Now we can add D-Cure related science to that list, too.

“While cell encapsulation research is new, Lilly has targeted both cures and maintenance therapies across various disease states during our history,” said Greg Kueterman, communications director for Lilly Diabetes. “The pathway has often followed the disease and the emerging science around it."

We're told this Lilly-Sigilon collaboration was in the works for months before it was finally announced in early April, and that a meeting taking place during the big JP Morgan Healthcare Conference in January helped solidify the deal.

It's also worth pointing out that in January 2018, Dr. David Moller left his role as Eli Lilly's VP of business development in emerging technologies and innovation to become Chief Scientific Officer at Sigilon -- a move that probably also played into this how collaboration came together when it did.

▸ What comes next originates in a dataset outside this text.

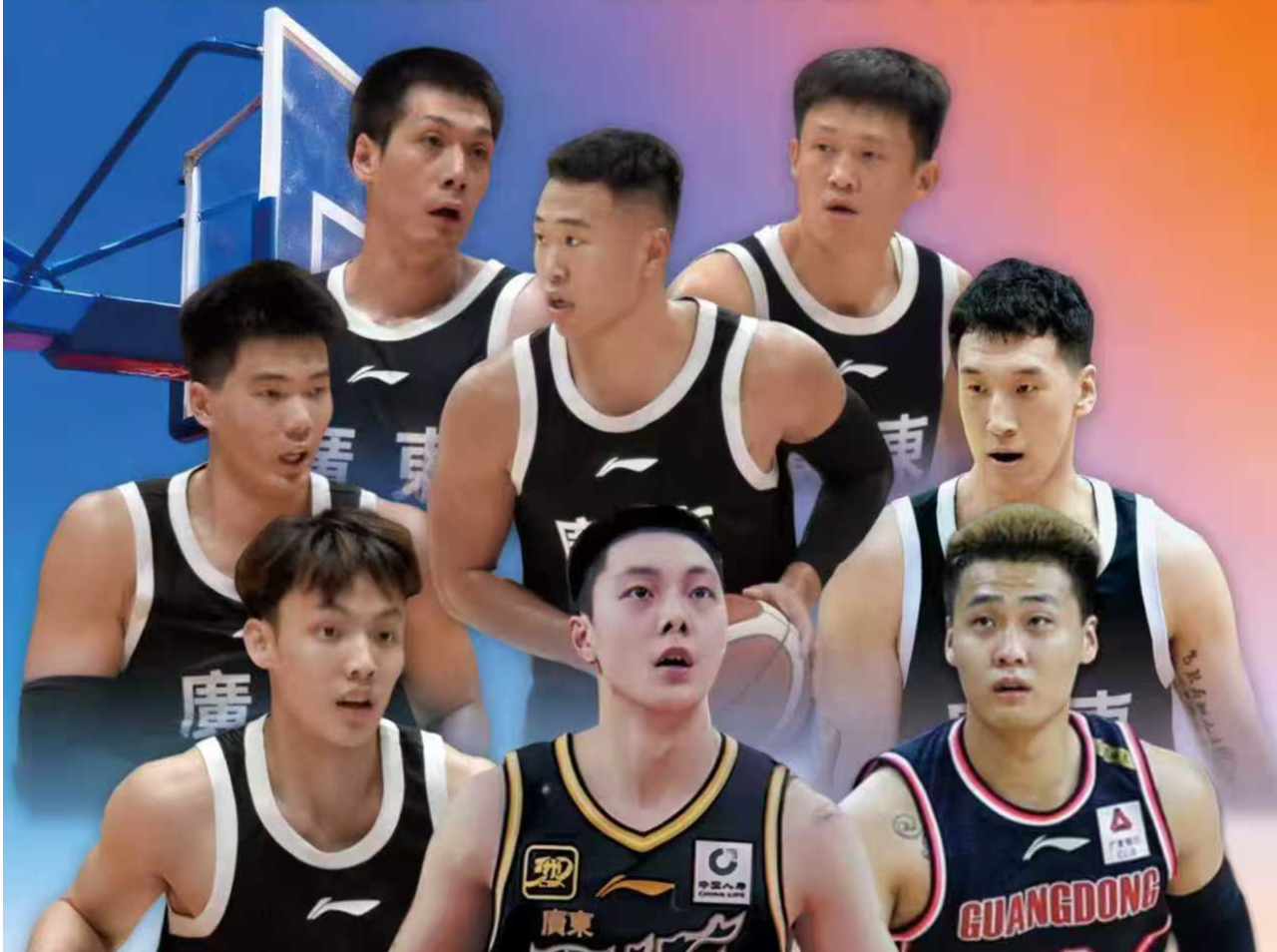 胡明轩砍15分领衔！广东全运男篮江门热身赛大胜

Yes, and a big chunk of cash is connected to this deal: Sigilon will get $63 million up front, along with an undisclosed equity investment from Lilly and up to $410 million in milestone payments over the course of the collaboration.

Dr. Gimeno at Lilly says the initial lead for this deal came from Lilly Cambridge Innovation Center, which she says is exactly the point of establishing that new innovation center. And working with Sigilon made perfect sense, given what they bring to the table. There will be a joint Lilly-Sigilon steering committee overseeing this project as it progresses.

“This is part of our strategy in looking toward the external environment. It’s impossible to develop everything yourself, and so I see a lot of value in these collaborations,” she said.

With Sigilon's expertise in T1-focused cell therapies combined with the immunosuppression workaround, Gimeno says she's excited about the possibilties -- both from the Lilly research side, as well as from her personal POV as aunt to a niece living with type 1 diabetes.

 

Hope versus Hype

Lilly certainly isn't the first Pharma company to step into the diabetes cure arena, as others -- including direct competitors in the insulin and diabetes drug space -- have done so in the past.

For example, Janssen Pharmaceuticals announced a few years ago its Disease Interception Accelerator (DIA) aimed at studying T1D and eventually curing the condition. A quick Google search will bring up many other projects, including Novo's use of stem cells and Sanofi's interest in beta cell regeneration as examples of ongoing cure-related research projects.

What all of these have in common is that they're futuristic visions right now, with no guarantee that they'll pan out to meet their lofty cure goals.

Of course, whenever diabetes cure research comes up, there's also the talk of conspiracy. Yes, some people believe there's an active plot by Pharma (and maybe even the FDA and big national nonprofits?) to suppress a cure in the interest of preserving cash flow.

Others point out that's just nonsense, as a cure itself could be quite profitable, while also saving lives.

The big hope is that any "cure" -- biological or technological -- will be affordable and accessible to all who need it. But like so much in this realm, we'll just have to wait and see.